**Your task:** Report back each line of the data that contains the word "with".

═════ Records for the task

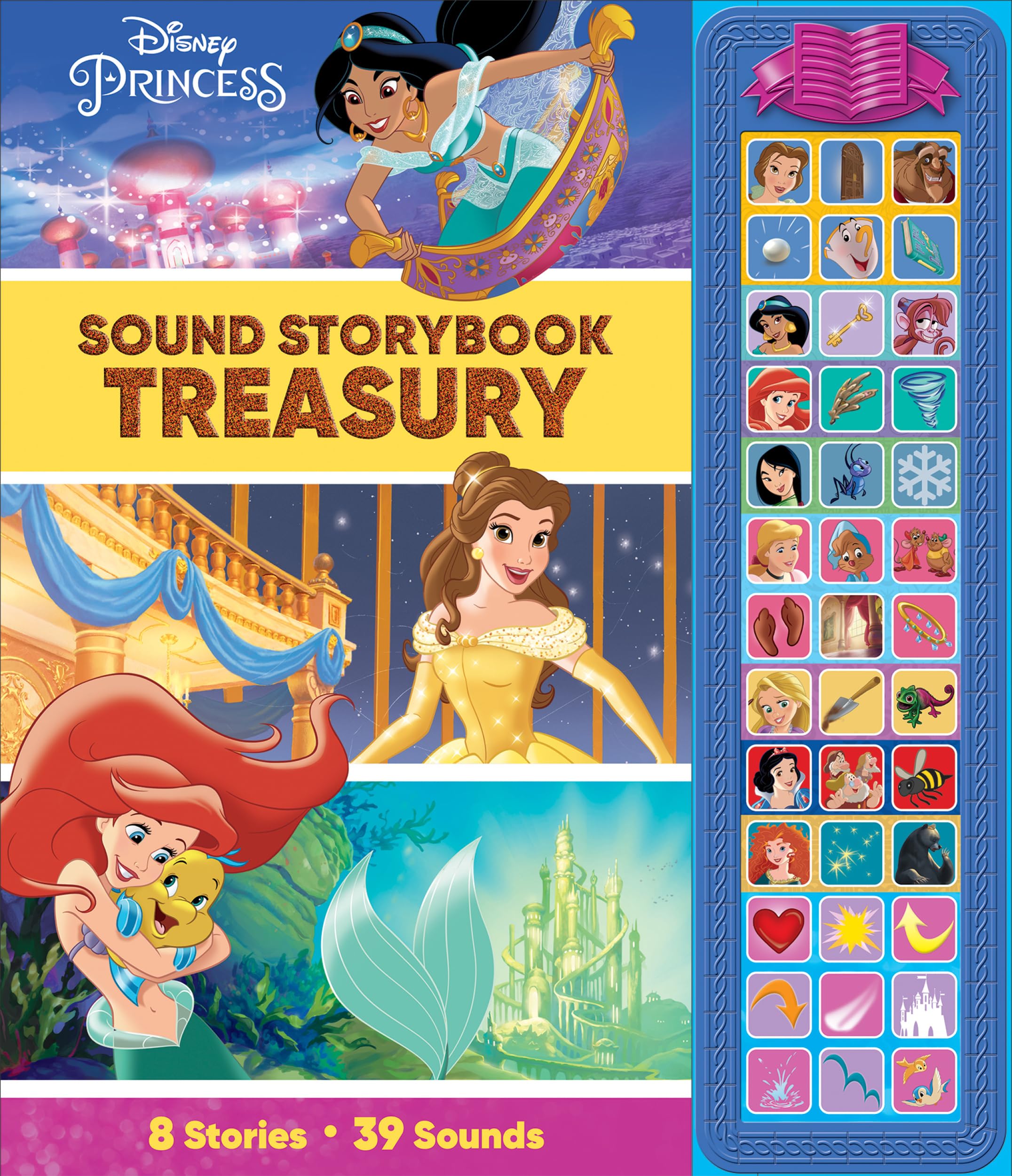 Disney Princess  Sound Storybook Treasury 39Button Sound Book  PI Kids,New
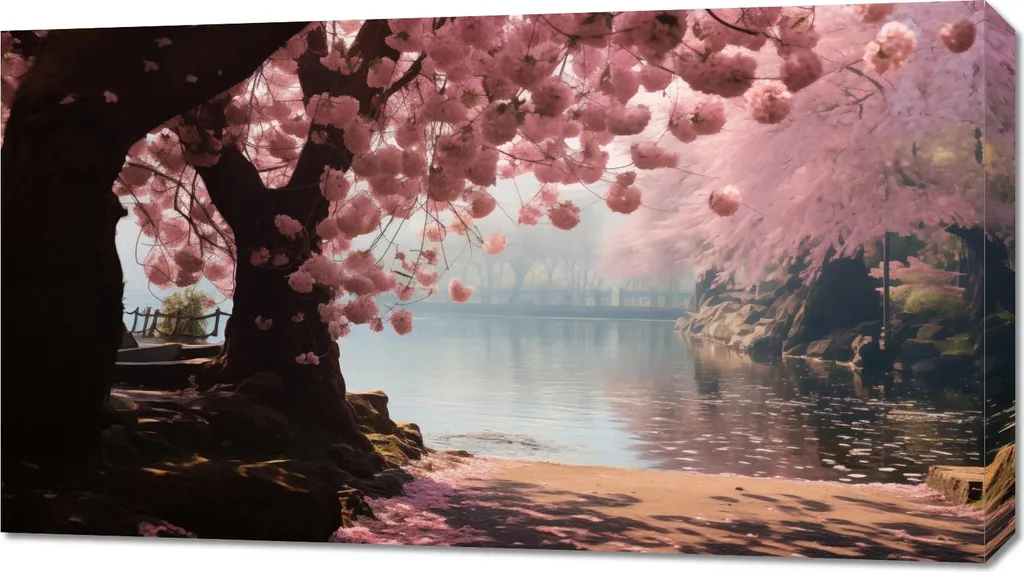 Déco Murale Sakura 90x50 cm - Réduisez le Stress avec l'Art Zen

══════════
═════ Records for the task

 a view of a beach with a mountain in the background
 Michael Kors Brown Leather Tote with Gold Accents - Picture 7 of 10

══════════
═════ Records for the task

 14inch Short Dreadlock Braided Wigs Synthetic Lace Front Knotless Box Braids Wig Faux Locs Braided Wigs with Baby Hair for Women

══════════

**Problem solution:**
 a view of a beach with a mountain in the background
 Michael Kors Brown Leather Tote with Gold Accents - Picture 7 of 10
 14inch Short Dreadlock Braided Wigs Synthetic Lace Front Knotless Box Braids Wig Faux Locs Braided Wigs with Baby Hair for Women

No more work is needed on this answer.